The old Order was a failure, but its central mission of protecting the innocent and the peace was still a worthy one. And, in lonely farm boy turned Rebel hero Luke Skywalker, those ideals found a champion unencumbered by the dogmatic obsessions that doomed the Order. Luke destroyed the Sith and redeemed his dad.
In The Force Awakens and The Last Jedi, Luke’s success as an individual Jedi Knight did not translate into success at resurrecting the Order. He lost his nephew Ben to a new agent of the Dark Side, and lost his other students to Ben’s inaugural massacre as Kylo Ren. In grief and despair, he exiled himself to Porgland, where his studies, his meditations, his self-reflection and his self-loathing led him to conclude that “it’s time for the Jedi to end.” Where he goes from there is a question soon to be (or, if you’re reading this after The Last Jedi’s premiere, newly) answered.
In the old Star Wars expanded universe, though, Luke largely succeeded in revivifying and transforming the Jedi. The body of work now called Star Wars Legends offers a long and winding explanation for why Luke’s Jedi Order would remain vital where the old Order ossified: Luke was not only willing to question himself, he insisted upon it. As a whole, Legends runs the gamut from dreadful to fantastic (I wrote about the wonderful Wraith Squadron books last year), and Matt Stover’s Luke Skywalker and the Shadows of Mindor is one of the best.
Mindor, a book that pays particular attention to Luke’s moral code and insistence upon accountability, has excellent character work and prose that’s lush without being florid. It gets that the Force is more than just something that lets people push things with their minds. And it’s one of the rare pieces of Star Wars to really dig into the pop culture of that galaxy far, far away, which is, for me at least, catnip.
Mindor opens with Luke commissioning an investigator named Geptun to determine whether or not he’s committed a war crime. Luke is not only a Jedi, but a General of the New Republic, and in that capacity he engaged an enigmatic, theatrical, powerful warlord calling himself Shadowspan on the ruined resort world of Mindor. At first glance, Shadowspawn is a Dark Side warrior with dubious Force powers and no indoor voice. Here’s some of his dialogue, which leaves Luke just as flummoxed as the reader. Keep in mind, he’s yelling this while brandishing a giant sword:
“You think you can defeat me? Fool! This blade is the product of untold millennia of Sith alchemy! Against such power, your Jedi toy is but a broken reed! Come Skywalker! Summon your blade and fight!”
Luke is nonplussed by Shadowspawn: he has already deduced that Shadowspawn is really an old enemy, a cunning and mysterious Imperial Intelligence agent codenamed Blackhole (a character who originated in the Star Wars newspaper comic strip), but the dissonance between the cartoonish villain he faces and the man he fought before is too much to reconcile. Something isn’t right. And sure enough, though Shadowspawn and Blackhole are the same person, neither is the true identity.

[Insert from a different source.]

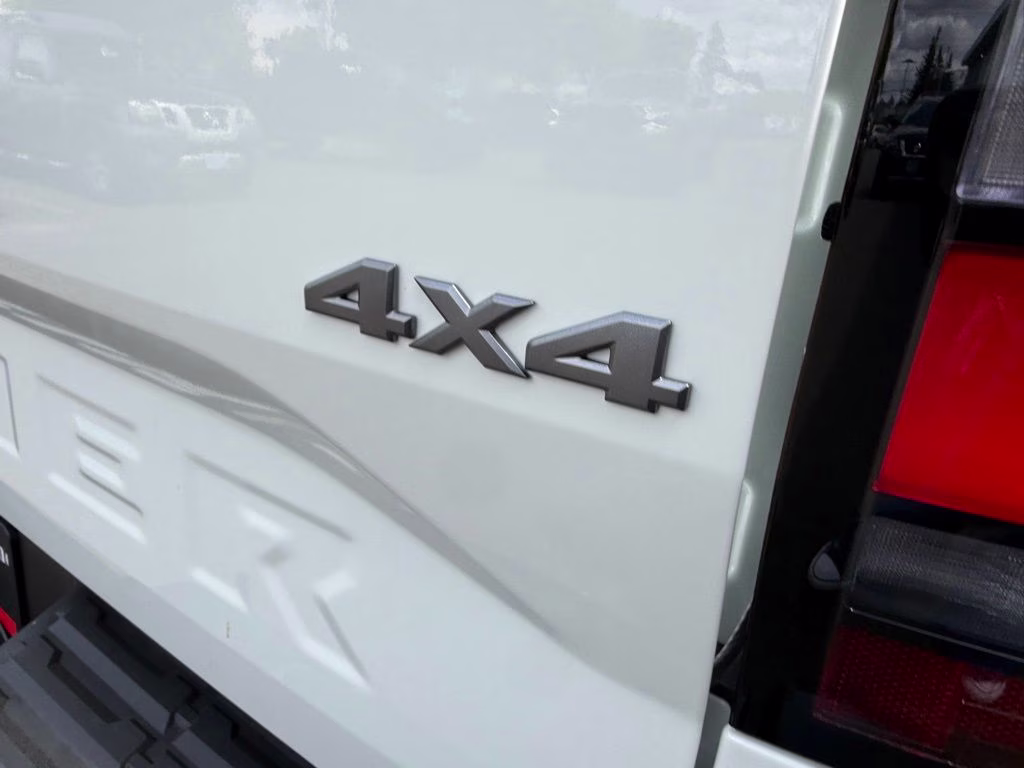 2026 Glacier White Nissan Frontier S 4X4 Truck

Instead, both are personas used by Cronal, an evil Force wielder who doesn’t just believe in the power of the Dark Side, but in a sapient power beyond it called The Dark. Cronal’s ultimate goal? To sacrifice all life in the universe to The Dark. His immediate goal? To resurrect the Empire and conquer the galaxy using true Sith Alchemy, something far more subtle and dangerous than Shadowspawn’s giant sword, to trap Luke’s soul in The Dark forever. With that done, Cronal will possess Luke’s body and play a part he has carefully prepared through the galaxy’s pop culture. Through its movies, in fact, a delightful wink across the fourth wall.
In the wake of the Emperor’s death, the galactic public had flocked to cheap, quickly produced movies about Luke, Leia, Han, Chewbacca and company. Cronal, who for all his religious nihilism is a man with a genuine taste for the dramatic, had secretly commissioned one of the most popular. “Revenge” had been widely seen and widely liked, so once Cronal had Luke’s body for himself, it would not be hard to convince the galaxy’s populace that its fiction was truth. “Luke” could suddenly have a change of heart, honor the dying wish of his beloved mentor Palpatine, take command of the Republic, and turn it back into the Empire. It’s a magnificent evil plan, unlike any other in Star Wars.
Star Wars being Star Wars, Luke and company will triumph over Cronal, but at a heavy cost. Luke’s exposure to The Dark is extremely traumatic, and even after escaping it he initially believes that Cronal was right, that The Dark is the ultimate truth and the ultimate end of everything and that nothing matters. But lives are in danger, and no matter what dark truths he’s learned, the Jedi in Luke will not stand by and let people be slaughtered. So, he vows to act as he did before, as though life matters. If he does it long enough, Luke hopes, maybe he’ll believe it.
Even in his traumatized state, Luke rediscovers one of his earliest lessons as a Jedi: the Force is everywhere, in everything and everyone. It’s alive, and if you listen to it, you can see how truly vast and multifaceted life is. Cronal’s crazed insistence that The Dark is greater than life leaves him unable to respond to or counter any other perspective. In the end, Luke turns Cronal’s own power against him, causing the wicked darksider to petrify and disintegrate in hyperspace. Cronal’s death, however, also kills everyone still enslaved by his alchemy, since their minds and lives had been linked to his own. Luke, who knew that this would happen, stays with them as they die, the only thing he can do for them.
Though the war crimes inspector Geptun insists that Luke committed no crime – nothing could have freed Cronal’s slaves during the final battle – Luke resigns his military commission, adamant that his actions were too destructive, too lethal to write off as a consequence of war. No good will come of a Jedi who’s just a soldier. But, as a keeper of the peace, committed to being “the light in the darkness,” a Jedi can do good. So, once he’s given Geptun some very specific notes on the movie he plans to make about Mindor, Luke commits fully to the path of a Jedi Knight. If the Jedi are to do good, there need to be more of them. If there are to be more Jedi, someone needs to teach them. And if Luke is going to teach them, his path will not be easy. But whatever happens, Luke will not fall to the old Order’s fate. He does not deny the Dark Side’s power. He refuses to believe that serving the Force makes him inherently righteous. He will not run and hide, as his father did, from fear and rage until they consume him. To quote Kar Vastor, one of the men Luke did manage to free from Cronal’s control:
“I have known Jedi. Many, many years ago. That knowing was not a gladness for me. I believed I would never know another, and I rejoiced in that belief. But it is a gladness for me to be proven wrong. I am happy to have known you, Jedi Luke Skywalker. You are more than they were… unlike the Knights of old, Jedi Luke Skywalker… You are not afraid of the Dark.”